これは、新入社員に対して先輩社員が、チューター役として面倒を見ていく制度で、仕事上の指導・教育はもちろん、職場での不安や悩みを聞いてあげる役割を担います。
上司には相談しにくい様々な悩みの解決を助けたり、自発的な行動へ導くことで成長を施すことにもなります。

チューターも当然、普段の業務を行いながらやることになるでしょう。しかし片手間にやっていては、逆効果になりかねません。チューター役の先輩社員が使命感をもって取り組むことが、この制度の成否を分けることになるでしょう。

チューター制度・メンター制度活用事例

とある運輸業では、新入社員は、入社3ヶ月ほどの間、数か所の営業所をめぐり、それぞれの営業所ごとに研修を行い、色々な業務に慣れさせるようにしています。

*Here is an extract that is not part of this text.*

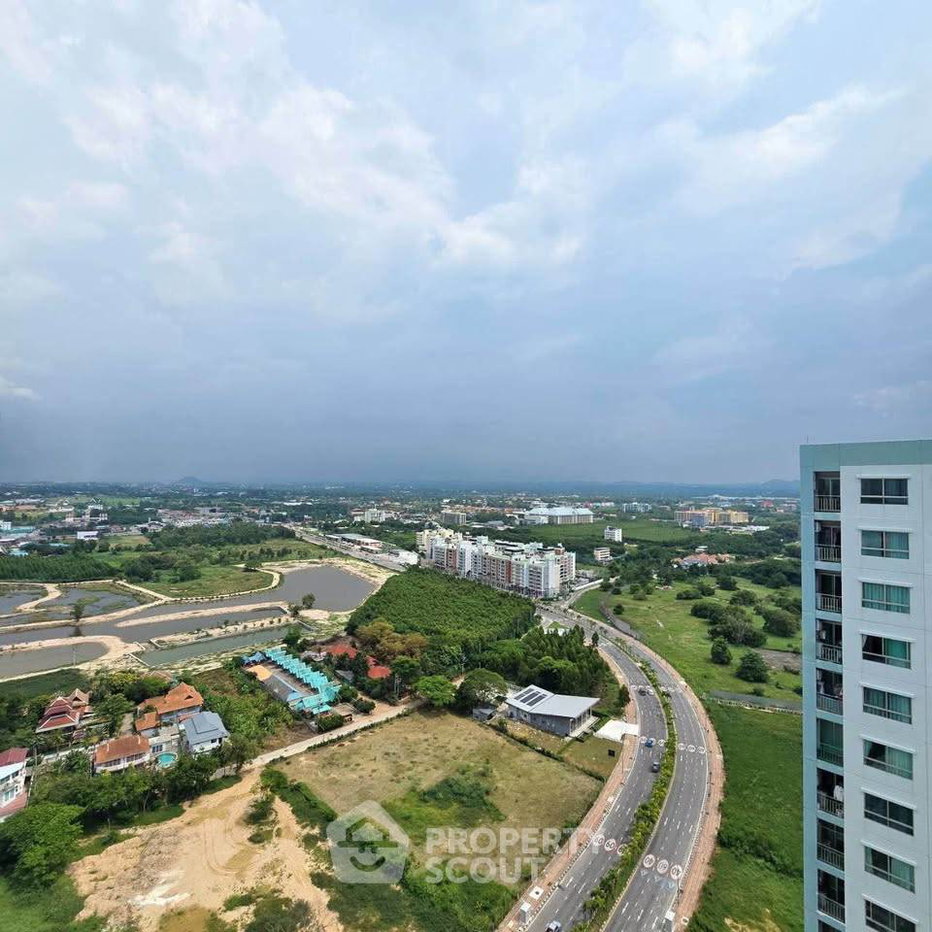 picture 29th-Floor 1-BR Condo At Lumpini Seaview Jomtien (ID 3454183) - 4/13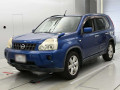2009 Nissan X-Trail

また、分からないことや困った時に相談することができるよう、先輩社員をチューターとして任命しています。

同社では、人的資源の管理を重点化するために、人事部を独立させ「ひとづくり本部」という部署を設けています。
サービスを提供する「人」への投資を積極的に行い、人的資産を最大限に活用するための象徴的な意味を込めています。

「人的資産の活用=自社の成長」。すなわち、この事例の本当の目的は自社の成長にあります。

育成や人事制度の整備など、ともすると、研修を行うこと・人事制度を作ることが目的化してしまいがちですが、あくまで目的は、「自社の成長」であることを常に意識することが大切です。

(※)
日本商工会議所は、労働力人口が減少する中で報告書「商工会議所における地域中小企業の人材育成支援への取り組みについて」を発表しました。